- Decades:: 1990s; 2000s; 2010s; 2020s;
- See also:: Other events of 2013 History of Yemen; Timeline; Years;

= 2013 in Yemen =

The following lists events that happened during 2013 in Yemen.

==Incumbents==
- President: Abd Rabbuh Mansur Hadi
- Prime Minister: Mohammed Basindawa

==Events==
===February===
- February 19 - A Yemeni Air Force plane crashes in Sana'a, killing 12 people and injuring 11 others.
- February 23 - Three people are killed and 14 injured in clashes between civilians and government security forces in Aden and Mukalla, as thousands turn up for a day of planned protests.

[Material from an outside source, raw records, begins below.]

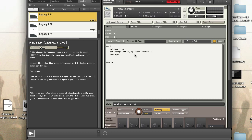The first thing we want to do is declare our knob. So declare UI knob and we'll call this 'cutoff' because we want to control the cutoff of a low-pass filter. Remember that the knob min-max is 1,000,000.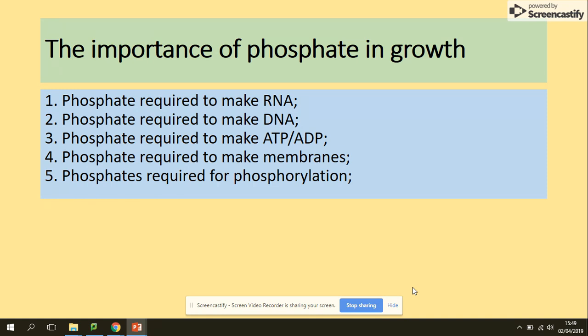Another function of phosphate is phosphorylation — the addition of inorganic phosphate to substances to make them more reactive. For example, when you learn about respiration in your second year, you will come across glycolysis. The first step of glycolysis is to make glucose more reactive by adding two inorganic phosphates, so this phosphorylated glucose can then break down into two triose phosphate molecules. That's an example of phosphorylation.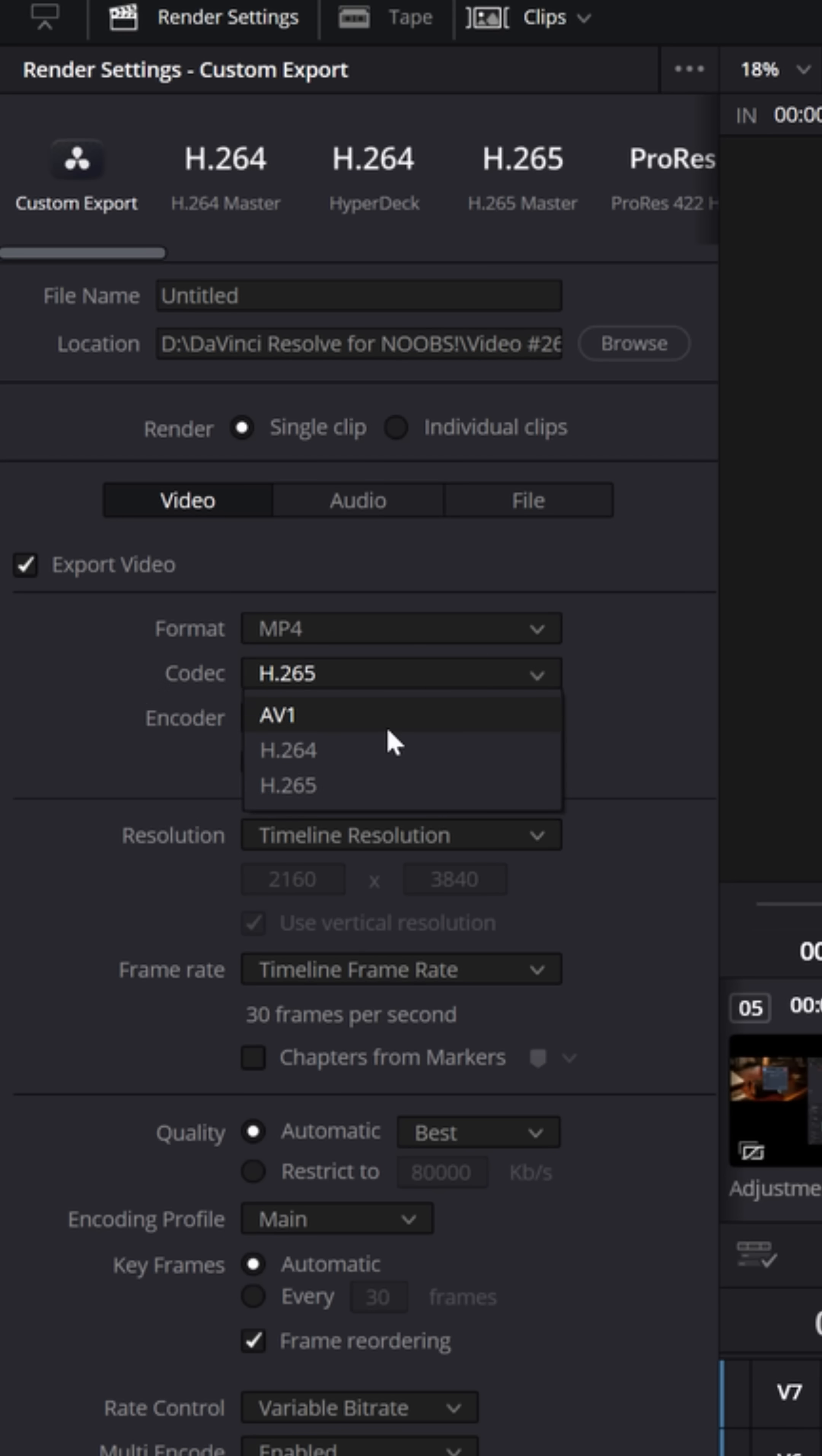Now the three main codecs you're gonna get for an MP4 container are H.264, H.265, and AV1. H.264 was sort of the industry standard for a long time, but nowadays it's a little bit outdated and you can get much higher quality out of an H.265 codec and smaller file sizes.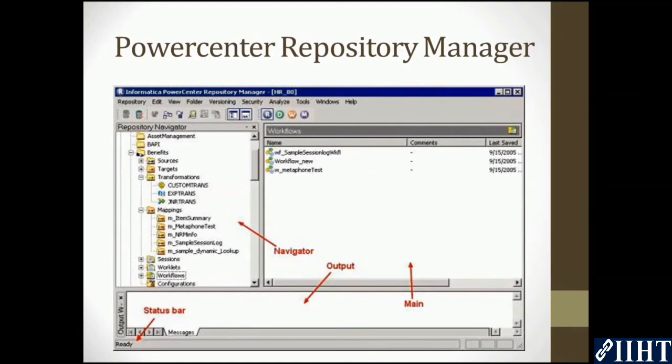The navigation bar on the left side of the screen displays the folder structures of your repository. Within each folder you can see the targets, sources, mappings, transformations, maplets, worklets, workflows, and all of their configurations.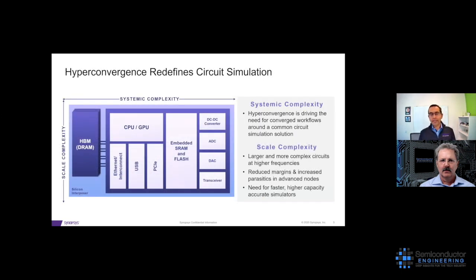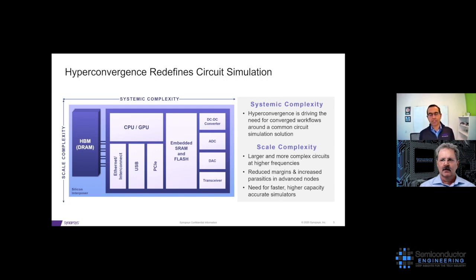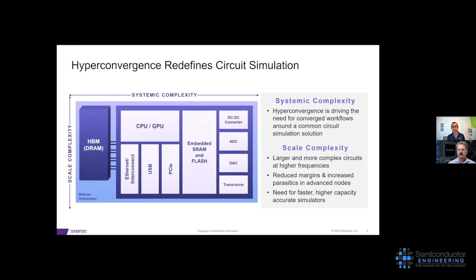We have to look at solutions that address both complexity areas. The systemic complexity is driving the need for a converged workflow — one that meets the needs across all these different kinds of circuits and application areas. And the second is the scale complexity: the number of devices is increasing, we are operating at higher frequencies, margins are lower, the number of PVT corners is higher, and the parasitic impact is much more dominant. What we need to give our customers are faster, higher-capacity simulation platforms that work across this entire spectrum of needs.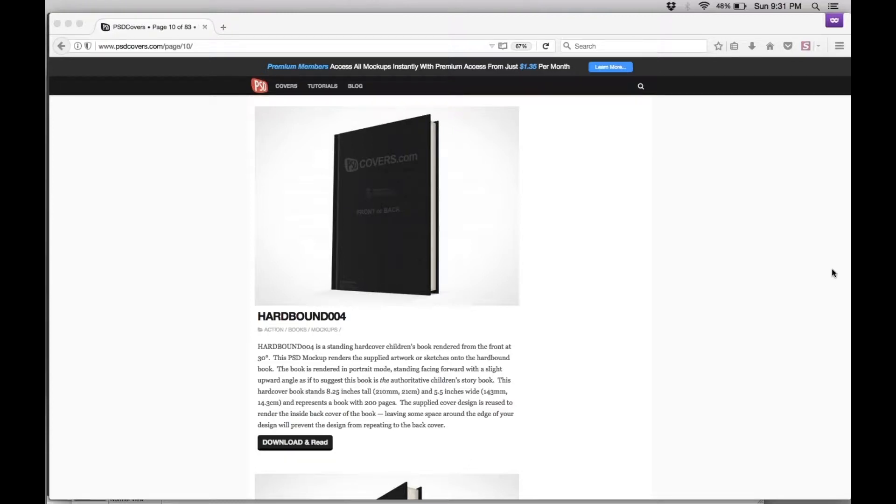This is a tutorial which shows you how to create a hardbound looking book cover by using Photoshop and your return button over and over again.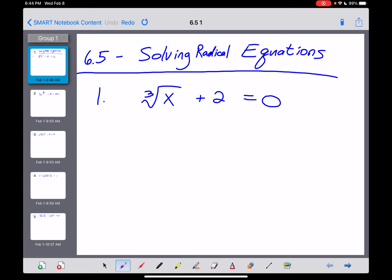Alright guys, 6.5 gets us into solving radical equations. If you haven't picked up on this yet, we basically do the same two things in every chapter in Algebra 2. We learn how to solve certain types of equations, and we learn how to graph certain types of functions. Everything we've done up until this point in Chapter 6 has been leading us towards this — how do we solve equations that have radicals in them? Like problem number 1 right here, where the cube root of x plus 2 is equal to 0.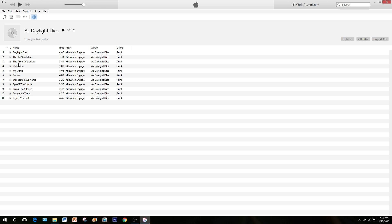All the songs are selected. Simply uncheck the songs that you do not want to import. I want Daylight Dies and My Curse, so go ahead and uncheck all the songs you don't want.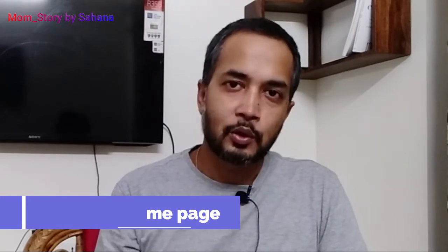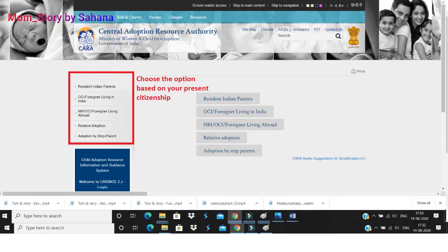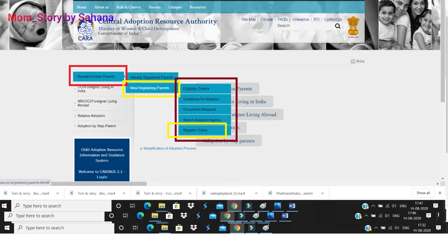Now if you want to register by yourself, let's get the guidelines clear. Go back to the home page and you'll find a 'Prospective Adoptive Parents' tab — click on that. You will land on a page where you can find different categories of parents depending on your citizenship, whether you're an Indian citizen, staying abroad, or a foreigner. Depending on your category, click on one and it will take you to a page with a lot of details about the adoption process, guidelines, agency search options, and a tab to register online.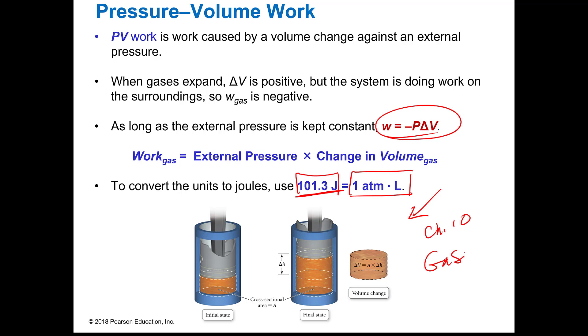And that will be it. Now you should be able to do your calculations for thermal energy transfer between objects, usually between an object and water.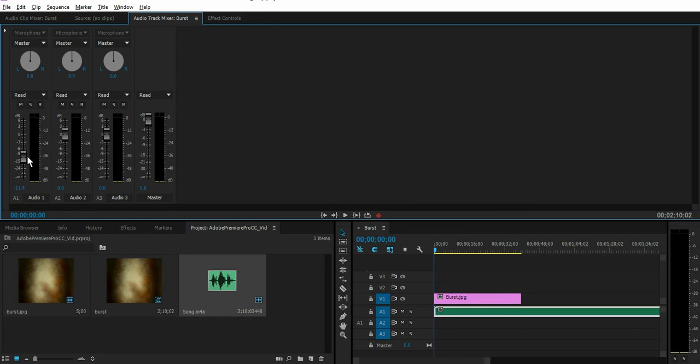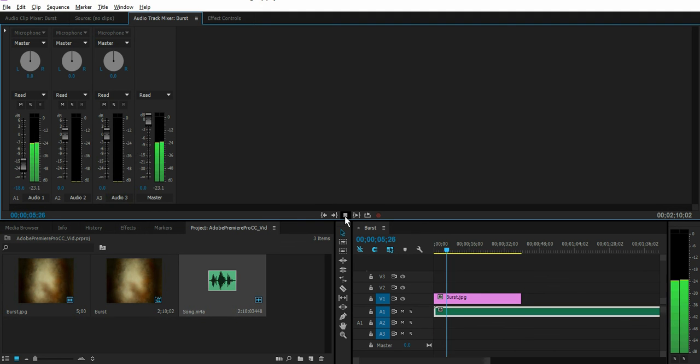We'll bring that a little lower in case you want to do background music for your voiceover and let's play that. Now you notice the volume is a lot softer than it was earlier.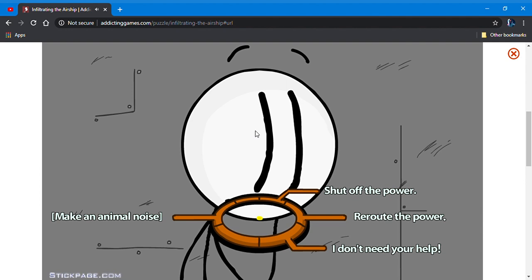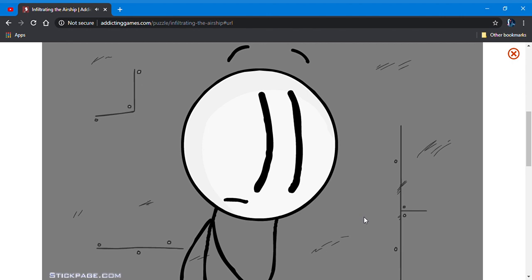All right, I've hacked into their power grid. What do you want me to do? Okay, I'll reroute the power to a random room. That's fine.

In a separate attack, a senior Yemeni security chief and two of his bodyguards are injured in a shooting.

===March===
- March 21 - Three members of Ansar al-Sharia and two pro-government militia fighters are killed in an attack in Abyan Governorate.
- March 22 - Two al-Qaeda fighters and two pro-government militiamen are killed in clashes in Jaar.

===April===
- April 8 - 4 army deserters and 3 tribesmen are killed in clashes in Al Bayda Governorate.
- April 27 - Five Yemeni soldiers and two al-Qaeda militants are killed in fighting in the central town of Rada. A senior intelligence officer is also gunned down by a drive-by shooting in the south.